(Image-caption web data)
_____

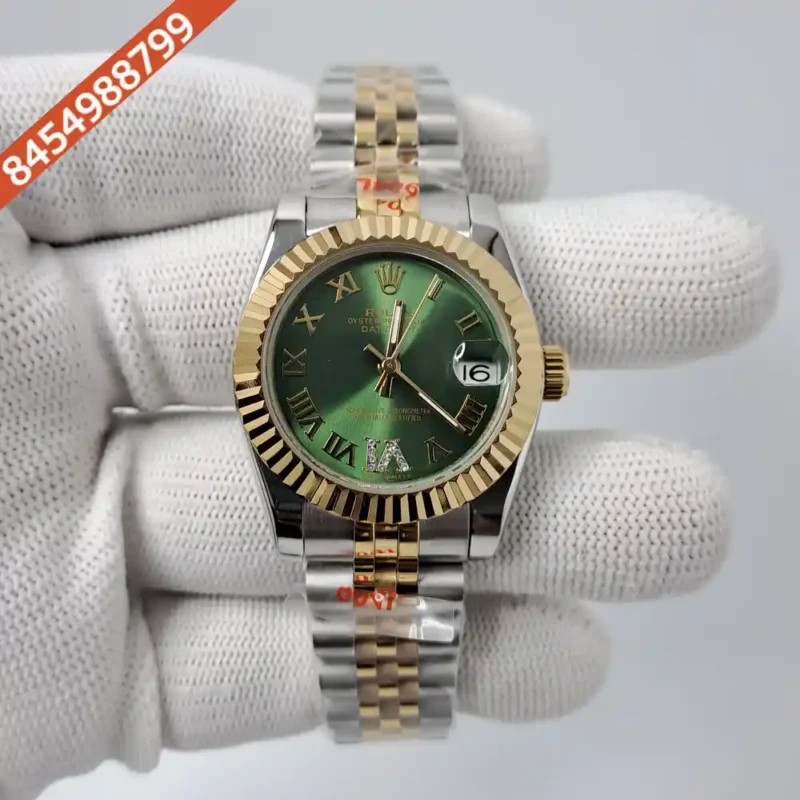 Rolex Date-Just Dual Tone Green Dial Roman Marker Swiss Automatic Watch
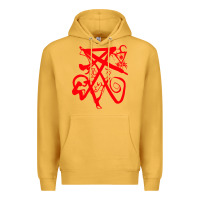 Mustard lucifer calligraphy 2 Premium Hoodie - artisFamous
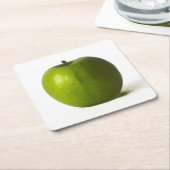 Groene appel coastercan kartonnen onderzetters (Schuin)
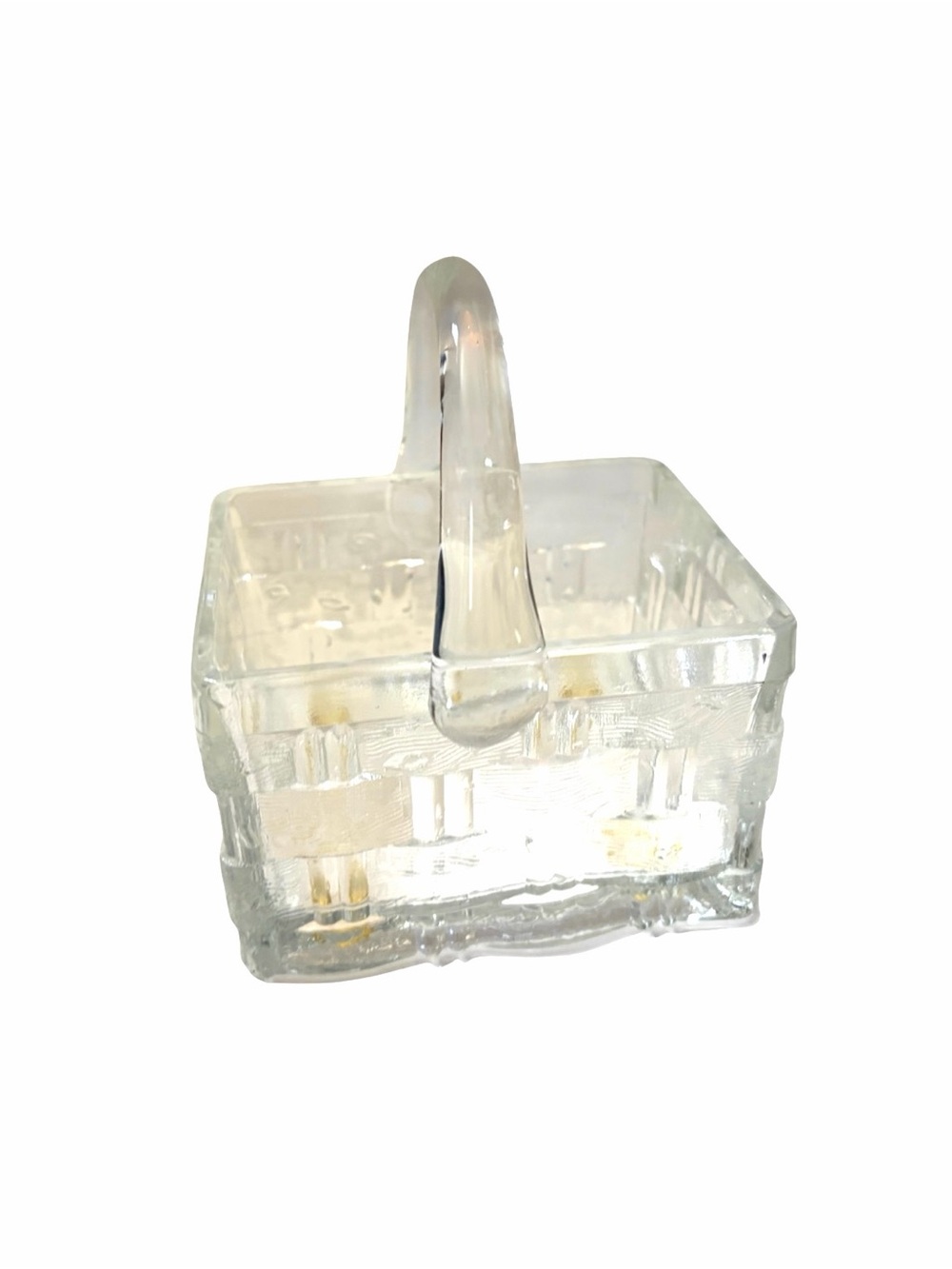Vintage Clear Pressed Glass 4” Square Basket Geometric Lattice Weave Pattern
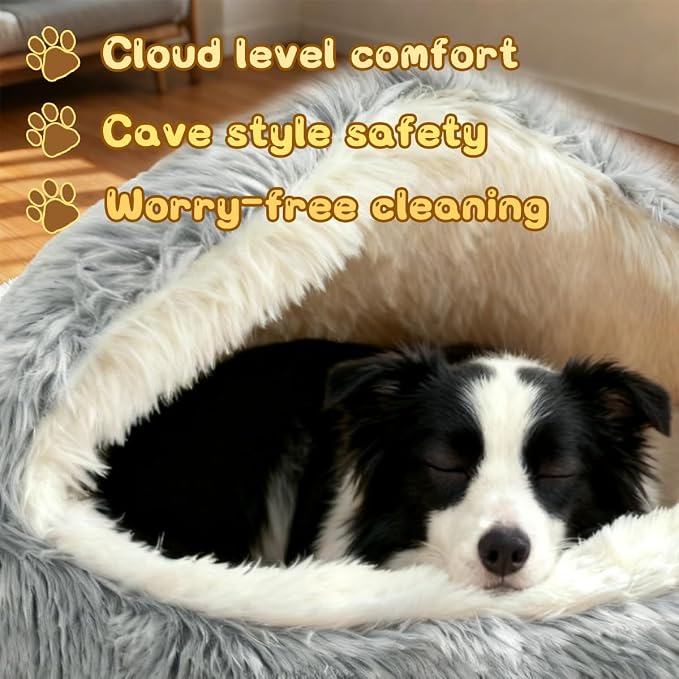 ShinHye Round Plush Fluffy Hooded Cat Bed Cave, Cozy for Indoor Cats or Small Dogs, Waterproof Bottom, Washable（30 in） - Image 4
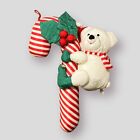 Vintage Christmas Puffalump Teddy Bear Plush Nylon Soft Toy 20” Candy Cane Vtg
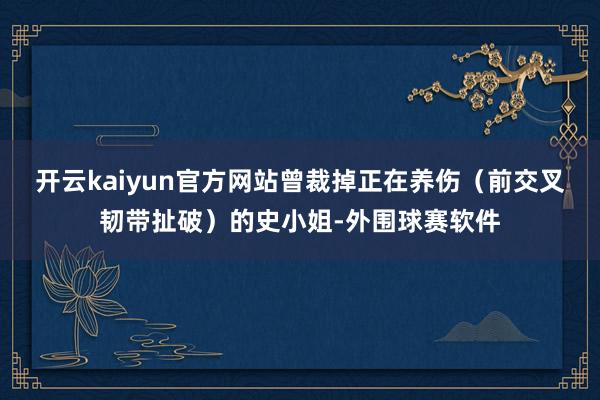 开云kaiyun官方网站曾裁掉正在养伤（前交叉韧带扯破）的史小姐-外围球赛软件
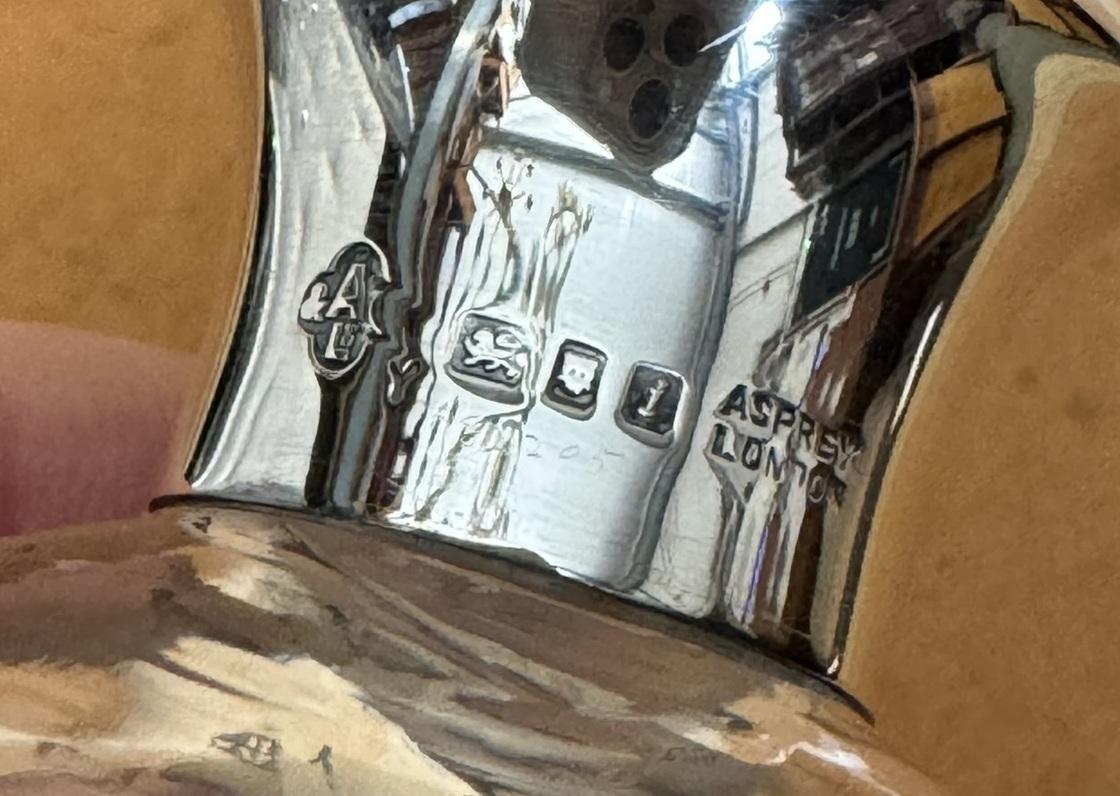 PETIT DÉCANTEUR À UNE PERSONNE ASPREY & CO 1964 ARGENT STERLING PiNCH SPIRIT WINE en vente 1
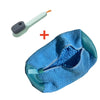 A blue fabric storage bag for shoes with a small cleaning brush and applicator tool.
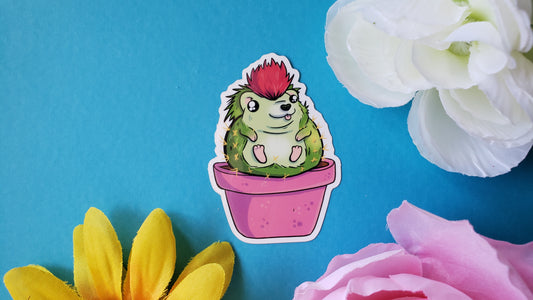 Cacthog Sticker (cactus + hedgehog)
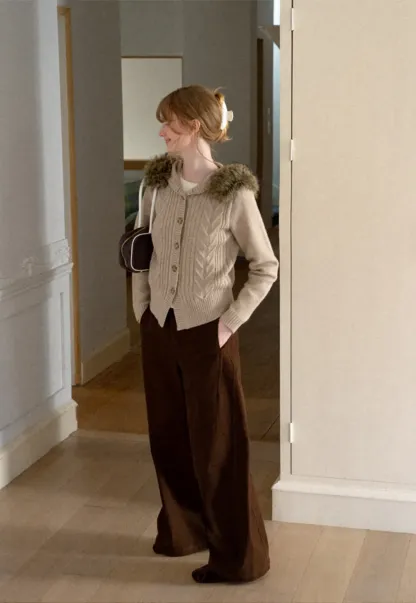 Faux Fur Trim Hooded Ribbed Knit Sweater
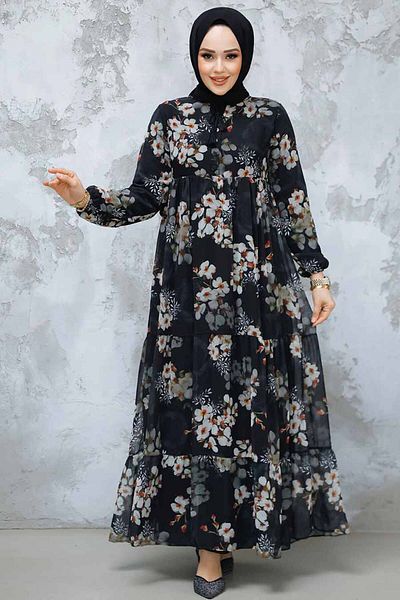 Neva Style Rochie neagră cu hijab cu modele florale 22053S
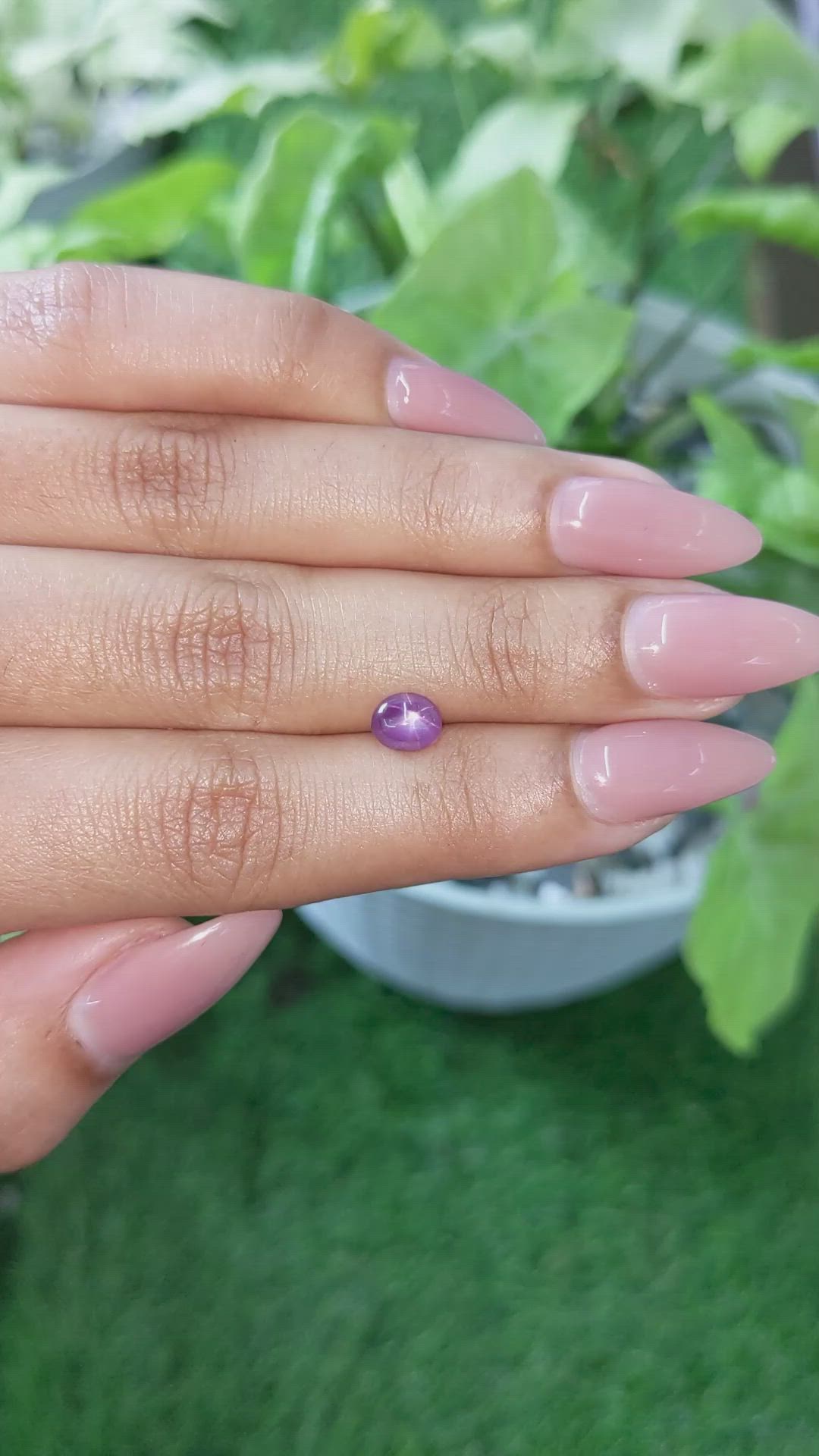 1.00 Ct. Pinkish Purple Star Sapphire from Ceylon (Sri Lanka) Size Video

_____

Without the pictures, return each entry exactly as given.

Solution to the exercise:
 Rolex Date-Just Dual Tone Green Dial Roman Marker Swiss Automatic Watch
 Mustard lucifer calligraphy 2 Premium Hoodie - artisFamous
 Groene appel coastercan kartonnen onderzetters (Schuin)
Vintage Clear Pressed Glass 4” Square Basket Geometric Lattice Weave Pattern
 ShinHye Round Plush Fluffy Hooded Cat Bed Cave, Cozy for Indoor Cats or Small Dogs, Waterproof Bottom, Washable（30 in） - Image 4
 Vintage Christmas Puffalump Teddy Bear Plush Nylon Soft Toy 20” Candy Cane Vtg
 开云kaiyun官方网站曾裁掉正在养伤（前交叉韧带扯破）的史小姐-外围球赛软件
 PETIT DÉCANTEUR À UNE PERSONNE ASPREY & CO 1964 ARGENT STERLING PiNCH SPIRIT WINE en vente 1
 A blue fabric storage bag for shoes with a small cleaning brush and applicator tool.
 Cacthog Sticker (cactus + hedgehog)
 Faux Fur Trim Hooded Ribbed Knit Sweater
 Neva Style Rochie neagră cu hijab cu modele florale 22053S
 1.00 Ct. Pinkish Purple Star Sapphire from Ceylon (Sri Lanka) Size Video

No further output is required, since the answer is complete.